Walthamstow Wetlands is the largest urban wetland nature reserve in the country – as well as Europe. In October 2017 the site opened its gates to the wider public for the very first time in 150 years and is now open 363 days a year with free access.
Although Walthamstow Wetlands continues to function as a Thames Water operational site with its 10 reservoirs supplying 3.5 million people with clean drinking water each day, this unique project has also created opportunities for leisure activities such as bird watching, walking and enjoying the peace and quiet - benefitting the health and wellbeing of residents and visitors alike.

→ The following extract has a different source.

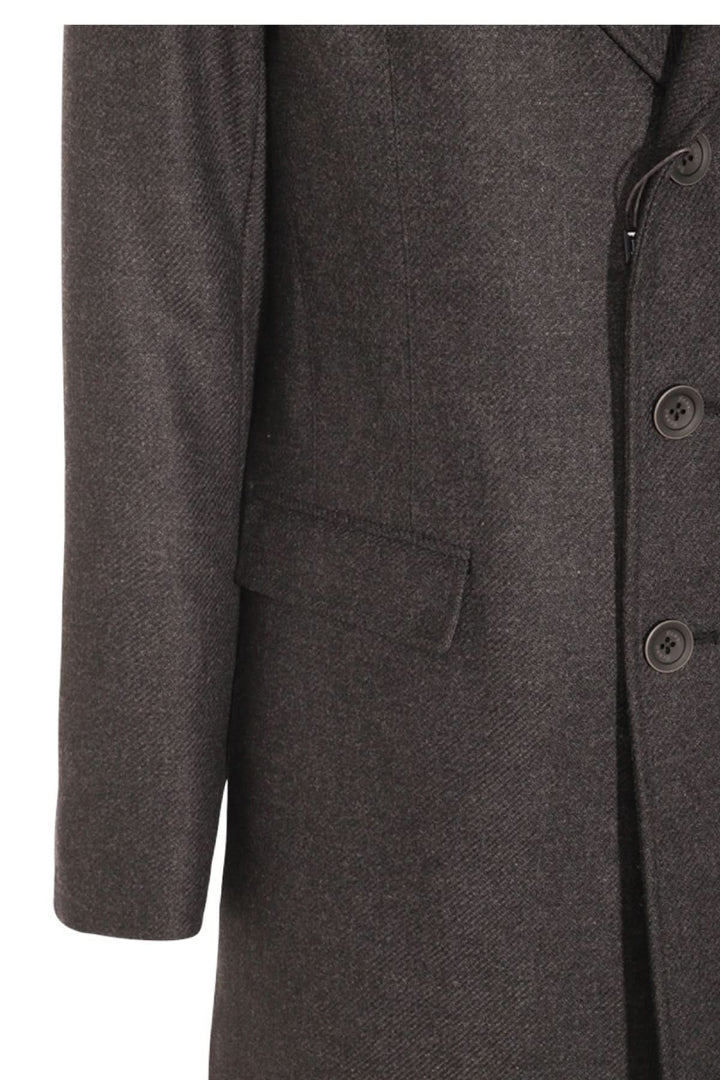 Manteau coupe classique en laine, col à revers et fermeture à trois boutons, style élégant et chaleureux.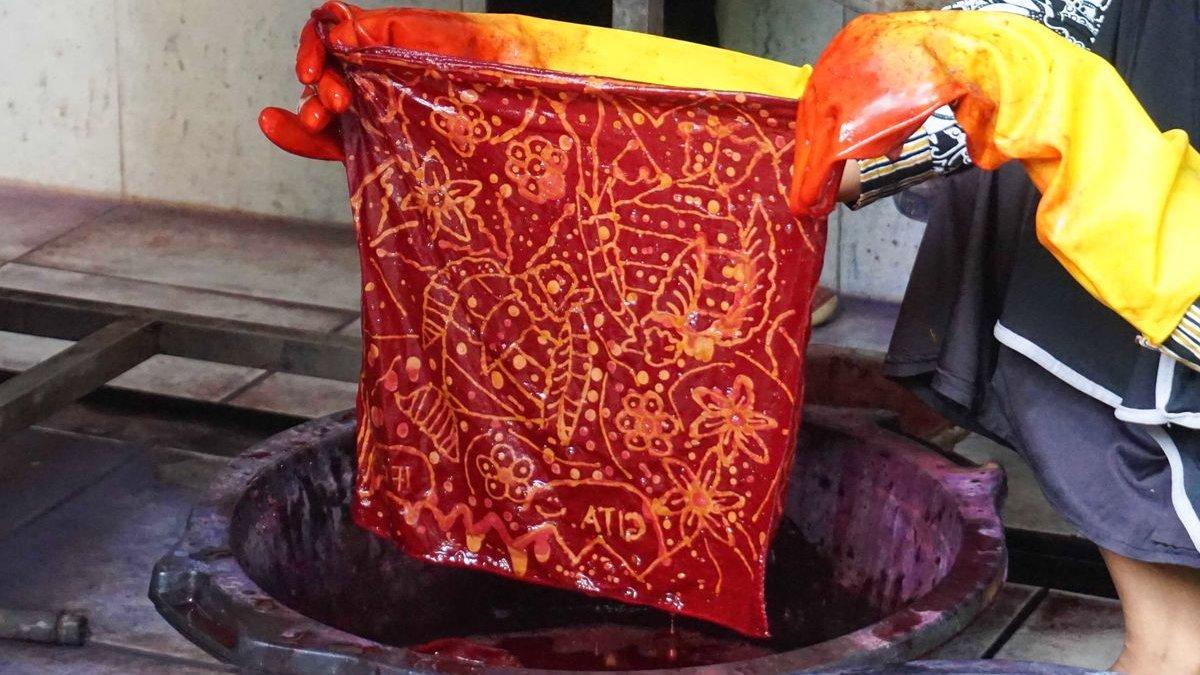 ILUSTRASI. Proses pewarnaan kain batik di Kampung Batik Giriloyo, Yogyakarta, Jumat (17/12/2021).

The Engine House offers a café serving food all day as well as an education space and gallery whilst the Coppermill Tower includes a unique platform to access views across London’s skyline.
In addition, programmes of formal and informal learning, training and volunteering are being delivered through charity partner, London Wildlife Trust. These activities promote a better understanding of the site's natural and industrial heritage and ensure a lasting legacy for future generations to cherish and celebrate.
As a designated Site of Special Scientific Interest – one of only 37 in Greater London – as well as a RAMSAR site, the site provides a special home for wildlife both resident and rare and has become increasingly popular with wildlife enthusiasts. The site has already welcomed over 250,000 visitors since opening – adding to the emergence of a wider visitor economy and supporting the regeneration plans in St James Street, Blackhorse Lane and Lea Bridge.
The council has invested over £1m in the Wetlands and is delivering the project in partnership with site owners Thames Water which has contributed £1.84million, Heritage Lottery Fund (£4.47million), the Greater London Authority (£750,000), the Environment Agency (£49,000) and Natural England.
In addition, the London Wildlife Trust has been appointed as the delivery partner to manage and conserve the Wetlands heritage. Wetland habitats are extremely rare in urban areas so conservation activities are taking place on site such as planting trees, creating meadows and introducing new reedbeds to both create new habits and conserve existing ones too.